Input material »
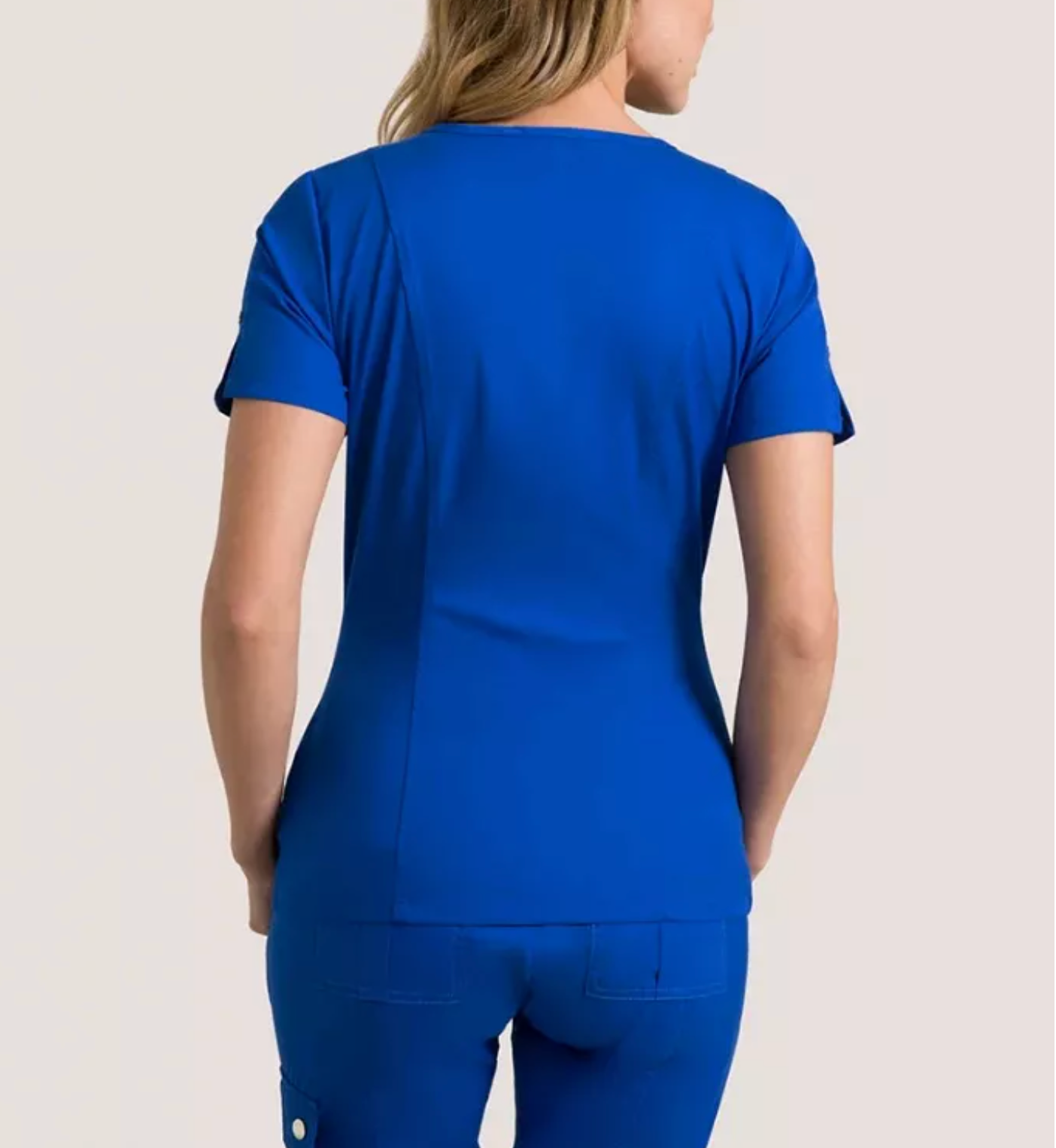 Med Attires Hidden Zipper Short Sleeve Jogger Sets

---

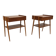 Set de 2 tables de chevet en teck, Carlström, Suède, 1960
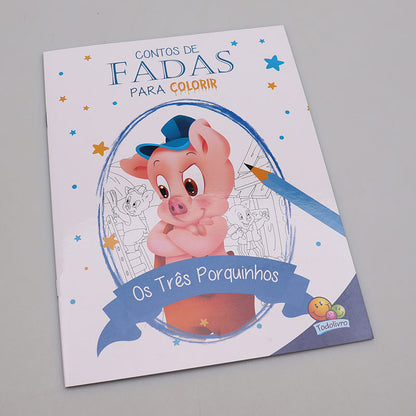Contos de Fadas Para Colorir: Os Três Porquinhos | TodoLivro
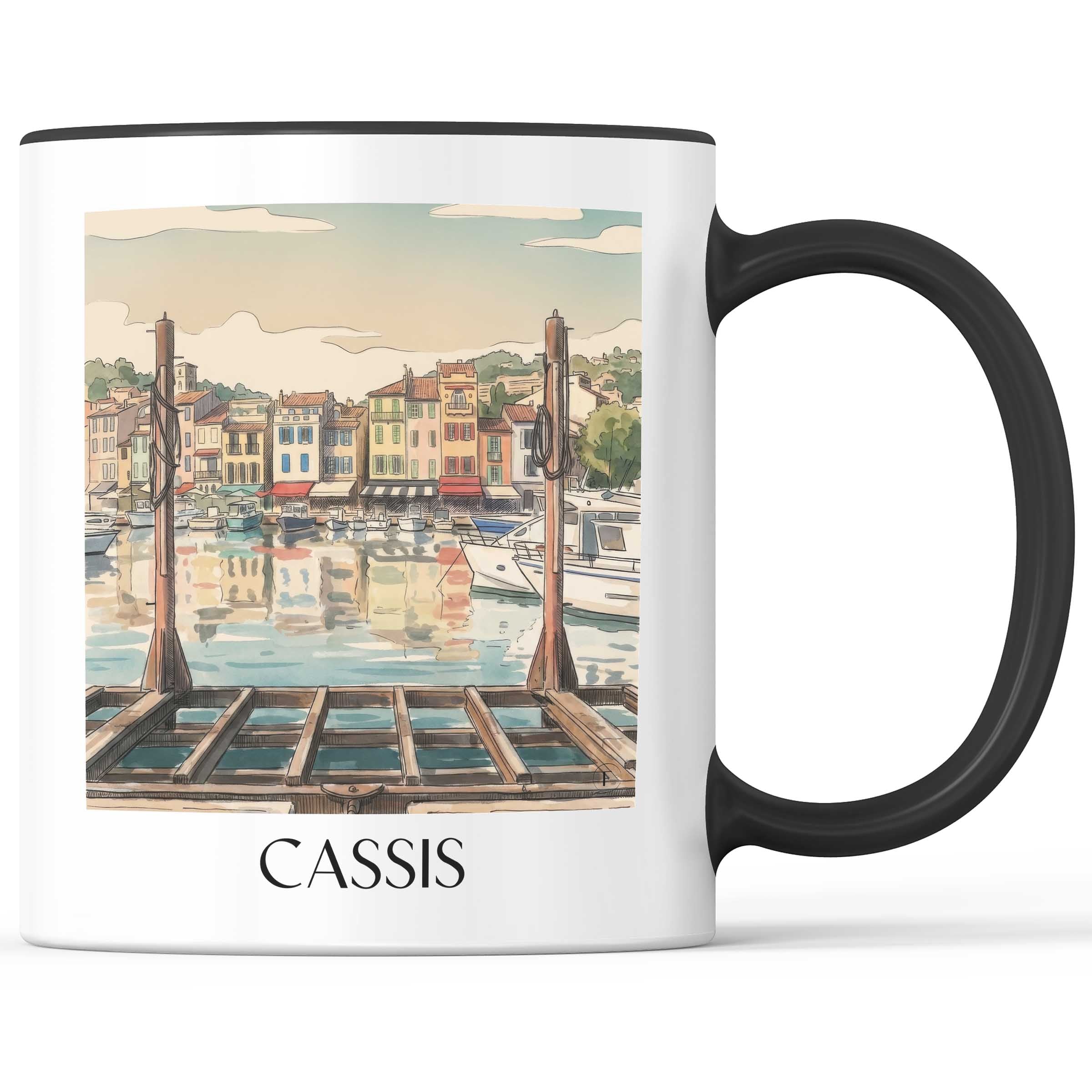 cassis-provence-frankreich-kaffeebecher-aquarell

Directions for this task » Could you repeat, exactly, only the lines above starting at the one that has "Contos de Fadas" and stopping after the one that has "cassis-provence-frankreich-kaffeebecher-aquarell", without the pictures?

Solution to this exercise »
Contos de Fadas Para Colorir: Os Três Porquinhos | TodoLivro
 cassis-provence-frankreich-kaffeebecher-aquarell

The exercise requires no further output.